RECORDS TO PROCESS:
......

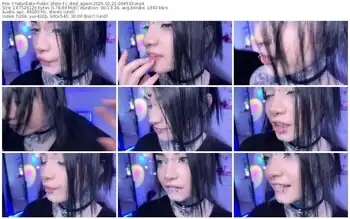 chaturbate-i_died_again-02-21-2026-09-45-33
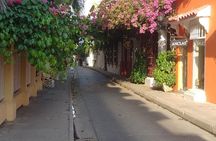 Private City Tour VIP Natural Mystik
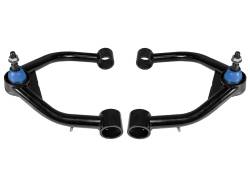 Tuff Country - Tuff Country 10968 Ball Joint Upper Control Arms for 19-25 Silv/Sierra 1500 4WD - Image 1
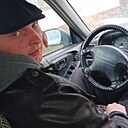 Знакомства: Александр, 30 лет, Астана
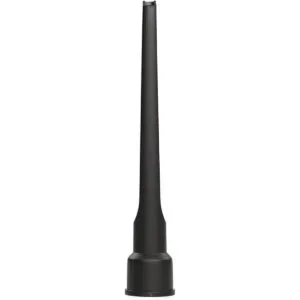 CRAFTSMAN CMXZVBE27151 Herramienta de hendidura de doble_4
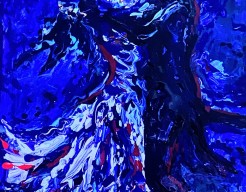 Liefde vooR het danden II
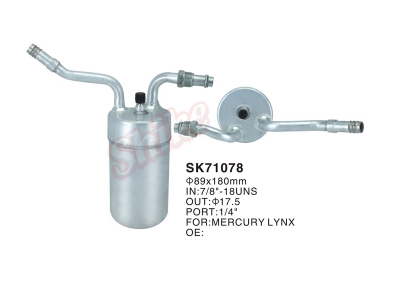 SK-71078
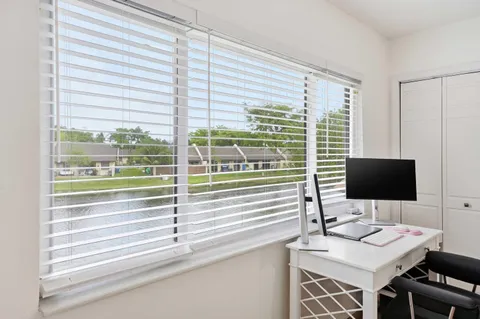 $338,800 | 10875 Northwest 29th Manor, Unit 8, Sunrise, FL 33322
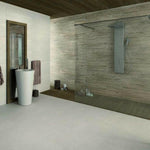 13x36 Trinova Haya Matte Stone Look Porcelain Tile 13x36 Trinova Haya Matte Stone Look Porcelain Tile - American Tile Depot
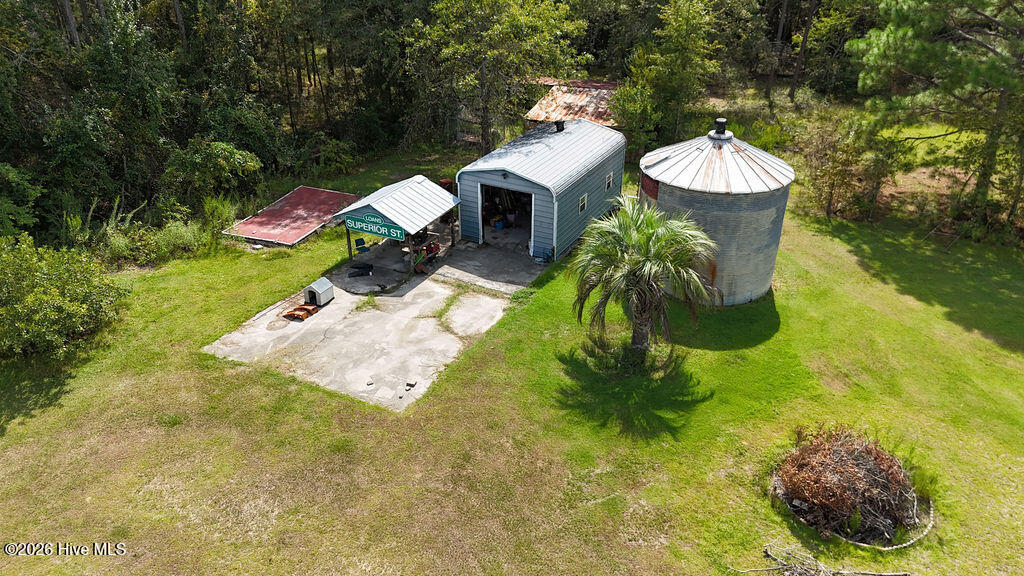 2618 Ga Hwy 86 Property Photo 55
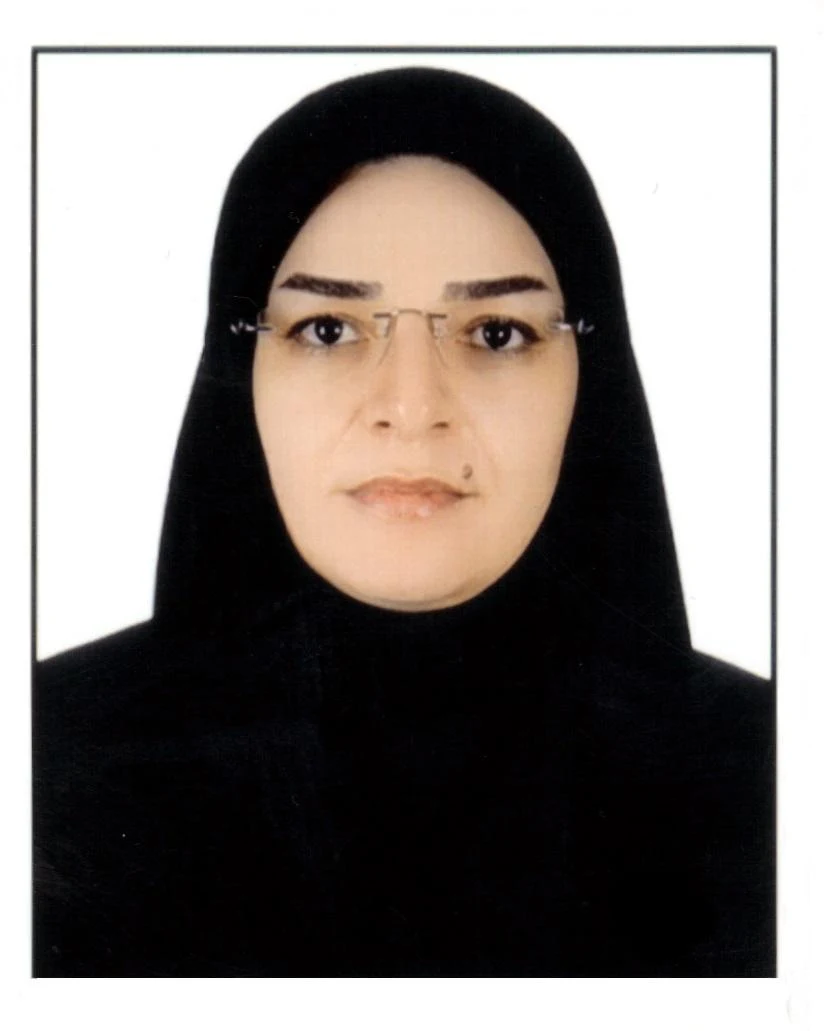 وکیل زینب‌ قهرمانی‌ - دفتر وکالت در تبریز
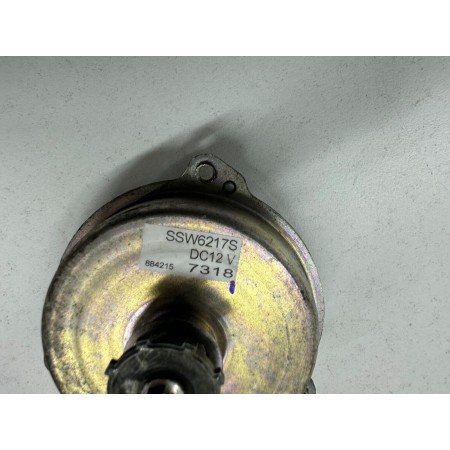 MOTOR FAN MOTOR YAMAHA XMAX 300 X-MAX 300 2017-2020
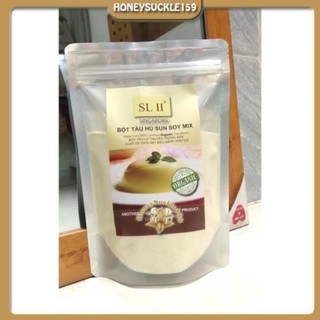 Bột tàu hủ Singapore gói 450g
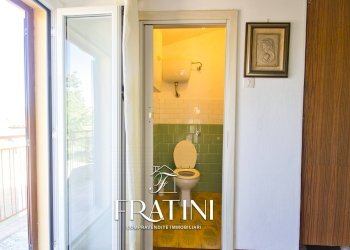 Foto 13 - Casa indipendente ceppino, Civitella del Tronto - foto 13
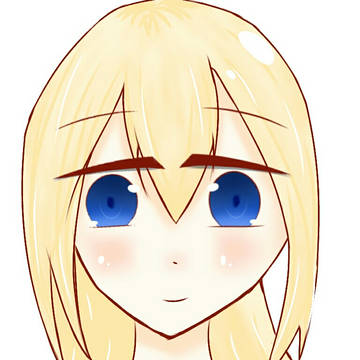 ˊˋˋˋ難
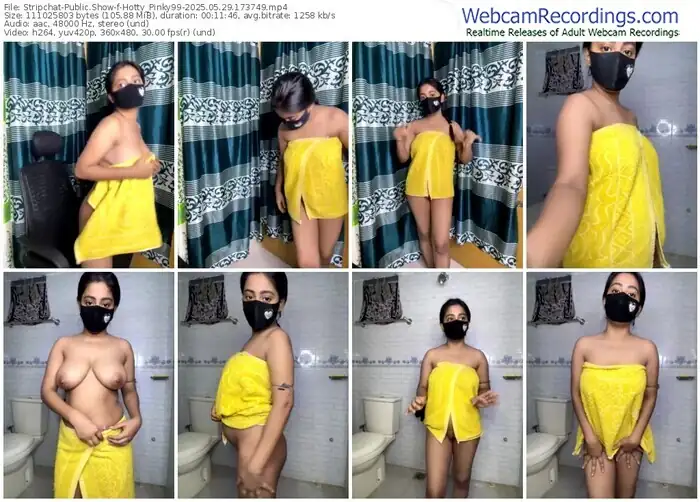 2025/05/29/stripchat-hotty_pinky99-17-37-49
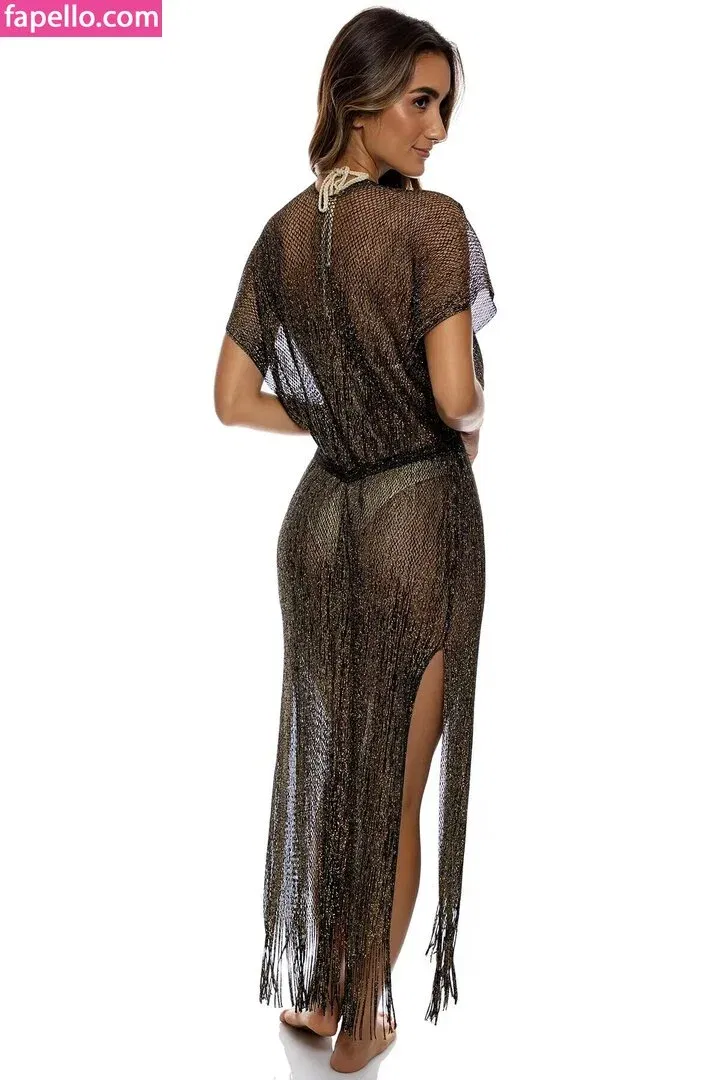 Priscilla Ricart / priricart Onlyfans Photo Gallery 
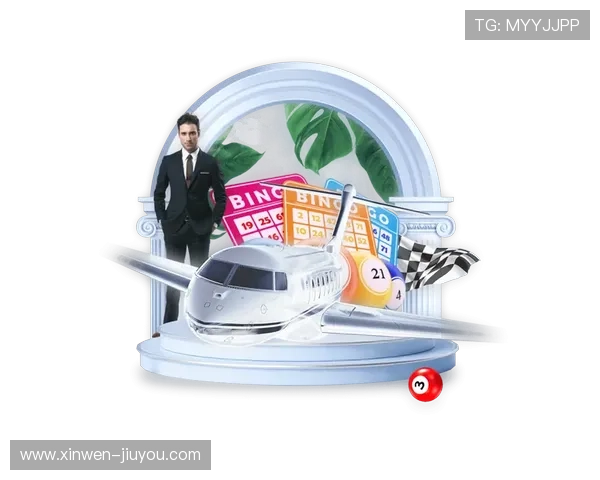 ayx入口官网全新体验指南覆盖注册登录活动福利与安全使用技巧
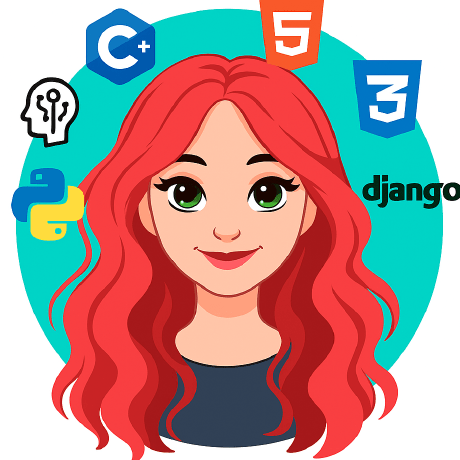 Github Ruba Alqedra Final Project - Gradient Design Collection - HD Quality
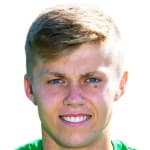 F. Murray profile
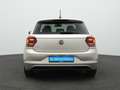 Volkswagen Polo 1.0 TSI 95 pk DSG Highline | Stoelverwarming | Ada Gris - thumbnail 15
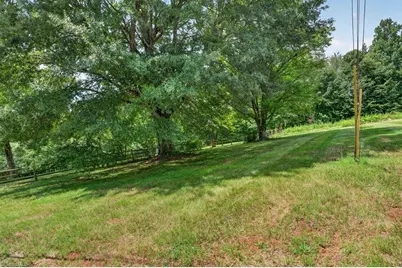 142 Shamrock Boulevard, Elkin, NC 28621 - Photo 30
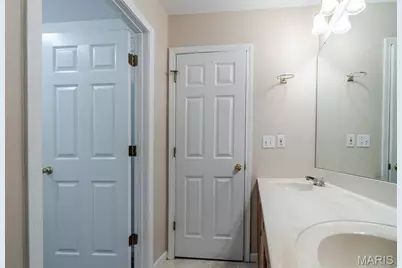 1920 Anna Leah Lane, Washington, MO 63090 - Photo 28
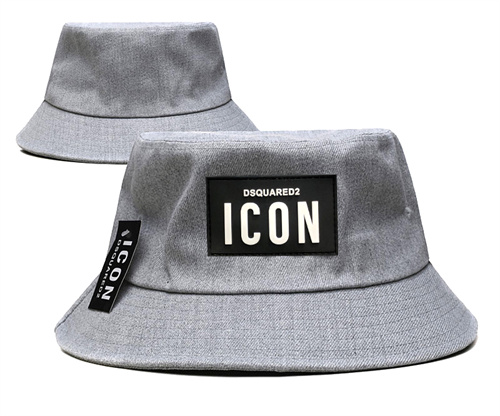 Dsquared2 Snapbacks-069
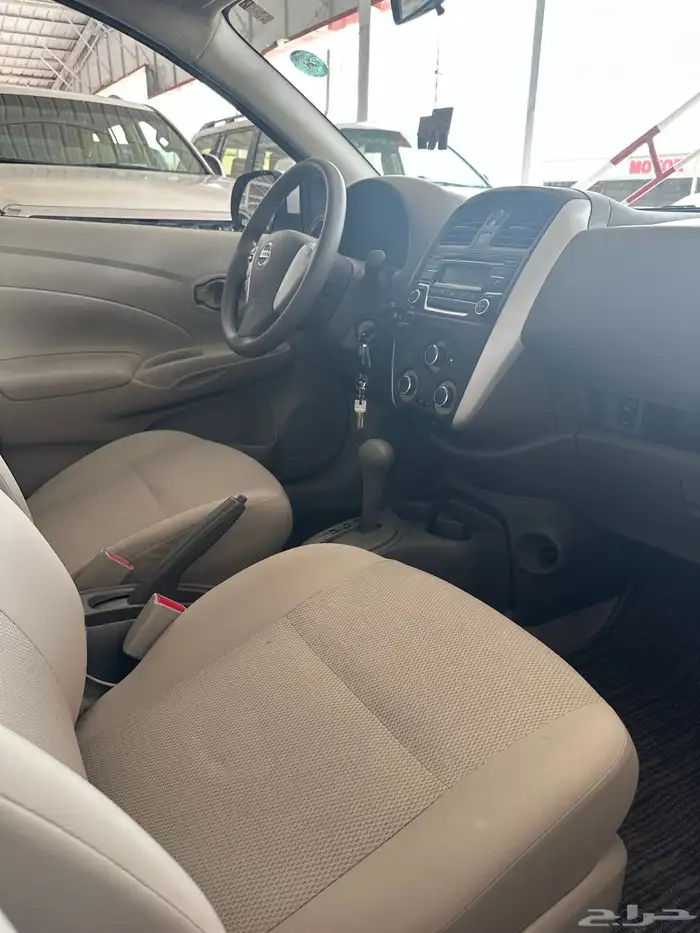 نيسان صني 2021 10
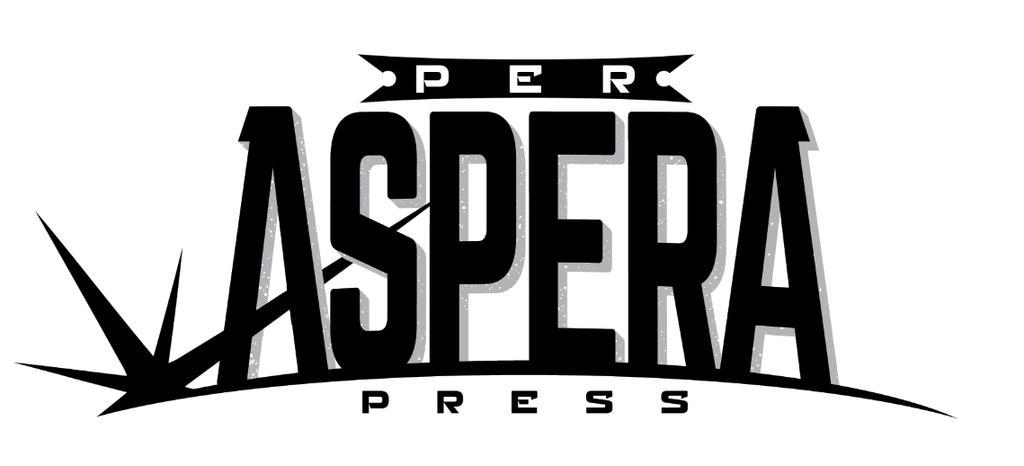 RagnarokPub's tweet photo. ANNOUNCEMENT: Ragnarok Publications acquires PER ASPERA PRESS (@PerAsperaPress) - http://t.co/XFoAz0VEei http://t.co/hfuefZG4Qq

......

WORK REQUIRED: Output the lines above verbatim, images excluded.

YOUR RESPONSE:
 chaturbate-i_died_again-02-21-2026-09-45-33
 Private City Tour VIP Natural Mystik
 Tuff Country - Tuff Country 10968 Ball Joint Upper Control Arms for 19-25 Silv/Sierra 1500 4WD - Image 1
 Знакомства: Александр, 30 лет, Астана
 CRAFTSMAN CMXZVBE27151 Herramienta de hendidura de doble_4
 Liefde vooR het danden II
 SK-71078
 $338,800 | 10875 Northwest 29th Manor, Unit 8, Sunrise, FL 33322
 13x36 Trinova Haya Matte Stone Look Porcelain Tile 13x36 Trinova Haya Matte Stone Look Porcelain Tile - American Tile Depot
 2618 Ga Hwy 86 Property Photo 55
 وکیل زینب‌ قهرمانی‌ - دفتر وکالت در تبریز
 MOTOR FAN MOTOR YAMAHA XMAX 300 X-MAX 300 2017-2020
 Bột tàu hủ Singapore gói 450g
 Foto 13 - Casa indipendente ceppino, Civitella del Tronto - foto 13
 ˊˋˋˋ難
 2025/05/29/stripchat-hotty_pinky99-17-37-49
 Priscilla Ricart / priricart Onlyfans Photo Gallery 
 ayx入口官网全新体验指南覆盖注册登录活动福利与安全使用技巧
 Github Ruba Alqedra Final Project - Gradient Design Collection - HD Quality
 F. Murray profile
 Volkswagen Polo 1.0 TSI 95 pk DSG Highline | Stoelverwarming | Ada Gris - thumbnail 15
 142 Shamrock Boulevard, Elkin, NC 28621 - Photo 30
 1920 Anna Leah Lane, Washington, MO 63090 - Photo 28
 Dsquared2 Snapbacks-069
 نيسان صني 2021 10
 RagnarokPub's tweet photo. ANNOUNCEMENT: Ragnarok Publications acquires PER ASPERA PRESS (@PerAsperaPress) - http://t.co/XFoAz0VEei http://t.co/hfuefZG4Qq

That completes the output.